The two-part 1966 episode he’s in is a wild ride from start
to finish, including a possible assassination attempt, the first window cameo
ever, and some truly outrageous and convoluted deathtraps (appropriate for a
rogue who “like any struggling novelist, overcomplicates the plot!”). One of which involves a giant cookbook. I am not making that up. All the expected ‘60s weird is there, but it’s
still a lot of fun.
Unfortunately, that was the only appearance he made in
Batman media for a long time. McDowall
wanted to come back for another two-parter, but his busy schedule got in the
way. He didn’t show up again until a
1989 Huntress arc that gave him a new grim ‘n’ gritty backstory.
“A victim of child abuse, his mother would lock him in a
closet while she worked on puzzles. (Alexander) Wyvern once started a fire in the closet in a desperate attempt to get
his mother to release him – only to wind up badly burned and, after he got his
mother’s attention, badly beaten.
Psychologically damaged, the boy grew into a serial killer. Though the violent character bore little
resemblance to the literature-obsessed felon of the 1960s, this version did
still leave Riddler-style clues for the police to hunt him down. Bookworm ultimately met his demise when he
set a deadly trap for the Huntress.
Huntress dressed as his mother, frightening him into running away and
tripping his own contraption, killing him.”
(From the Batman wiki)
It was lame, and we don’t talk about it anymore.
He made a few cameos in Deathstroke
the Terminators and Teen Titans
comics in the 90s, as well as a itty bitty nonspeaking appearance in Batman: The Brave and the Bold.

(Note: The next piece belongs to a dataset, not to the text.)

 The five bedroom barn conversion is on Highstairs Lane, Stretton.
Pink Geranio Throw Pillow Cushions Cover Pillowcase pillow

But in 2013 he made a glorious debut to comics in 2013 in
the Batman ’66 line, setting new
deathtraps and dropping new literary hints.

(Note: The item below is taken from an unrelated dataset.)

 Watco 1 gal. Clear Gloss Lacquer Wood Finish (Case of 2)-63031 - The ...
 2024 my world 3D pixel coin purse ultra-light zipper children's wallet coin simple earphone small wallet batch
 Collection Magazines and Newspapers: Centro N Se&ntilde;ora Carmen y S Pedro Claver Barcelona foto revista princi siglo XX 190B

In one of his best appearances, he sets himself up as an adversary to
Batgirl, which is just perfect. Who
better to oppose Barbara Gordon, a librarian, than a book-themed supervillain?
(Yes, that is a giant bug demon. Long story.)
And in 2014 he reappeared in Gotham Academy, this time as the school’s English and theater
professor, which is even more perfect.
He’s a good teacher, if strict and a bit overdramatic. And let’s be honest, what isn’t cool about
having an ex-supervillain as a professor?
Also, this scene.
This scene is awesome.
Yes, that is Egghead as played by Vincent Price. Gotham
Academy is just the best.
TL;DR, the Bookworm is an awesome, oft-overlooked Batman
baddie whom I highly recommend every fan check out. You won’t regret it!